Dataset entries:
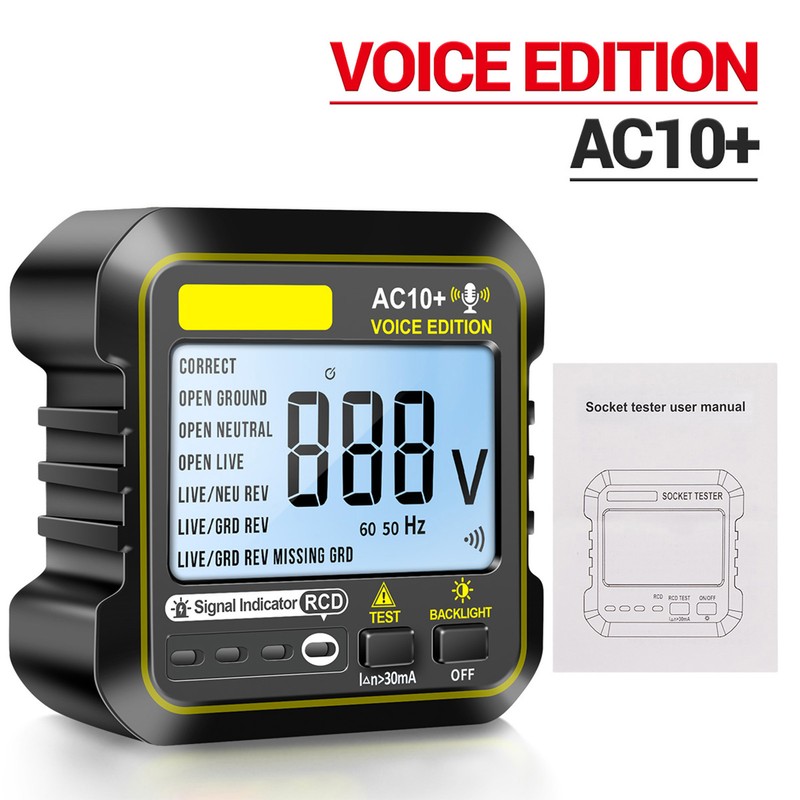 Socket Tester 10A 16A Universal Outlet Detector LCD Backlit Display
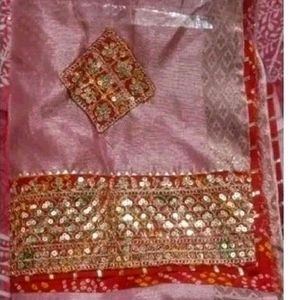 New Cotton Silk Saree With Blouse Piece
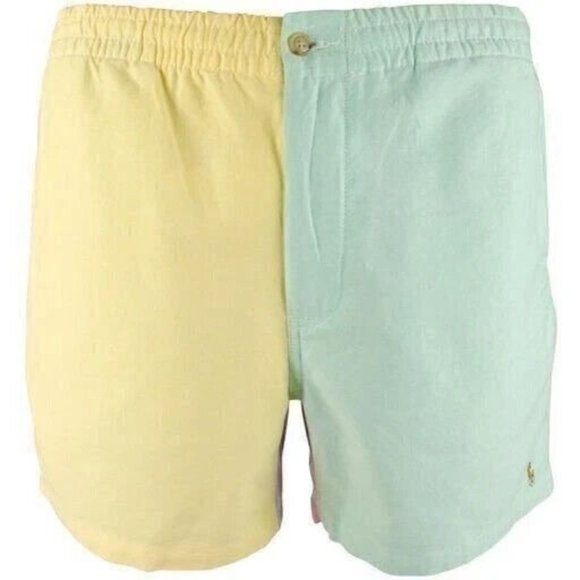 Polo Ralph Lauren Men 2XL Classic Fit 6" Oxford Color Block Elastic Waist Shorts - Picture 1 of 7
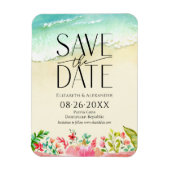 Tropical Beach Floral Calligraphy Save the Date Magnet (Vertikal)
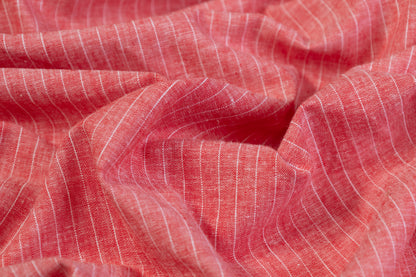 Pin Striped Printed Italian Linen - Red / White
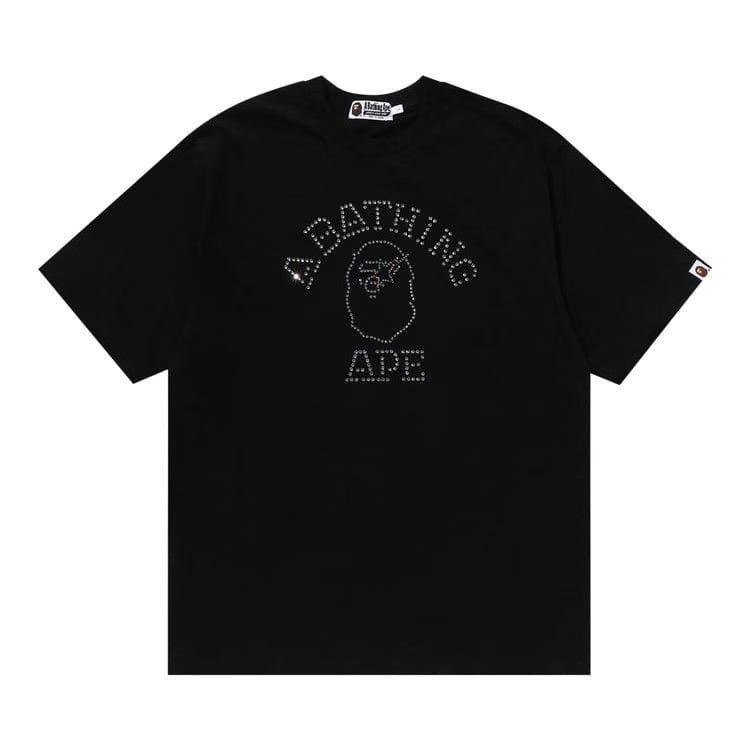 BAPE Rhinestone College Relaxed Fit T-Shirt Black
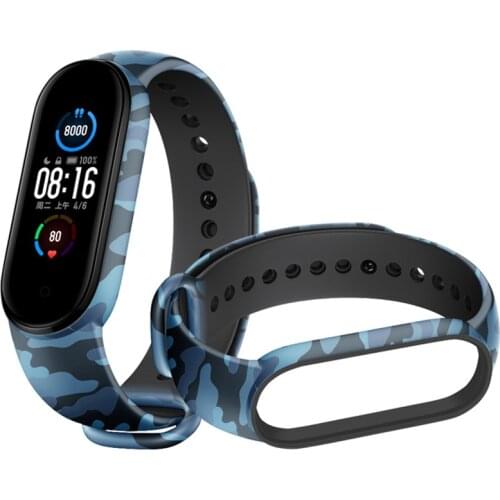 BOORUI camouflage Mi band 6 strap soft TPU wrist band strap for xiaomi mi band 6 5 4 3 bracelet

Description of the task:
Nothing but the lines from the one containing "Tropical Beach Floral" through the last line of the data should appear in the answer, copied exactly, with pictures excluded.

Exercise output:
 Tropical Beach Floral Calligraphy Save the Date Magnet (Vertikal)
 Pin Striped Printed Italian Linen - Red / White
 BAPE Rhinestone College Relaxed Fit T-Shirt Black
 BOORUI camouflage Mi band 6 strap soft TPU wrist band strap for xiaomi mi band 6 5 4 3 bracelet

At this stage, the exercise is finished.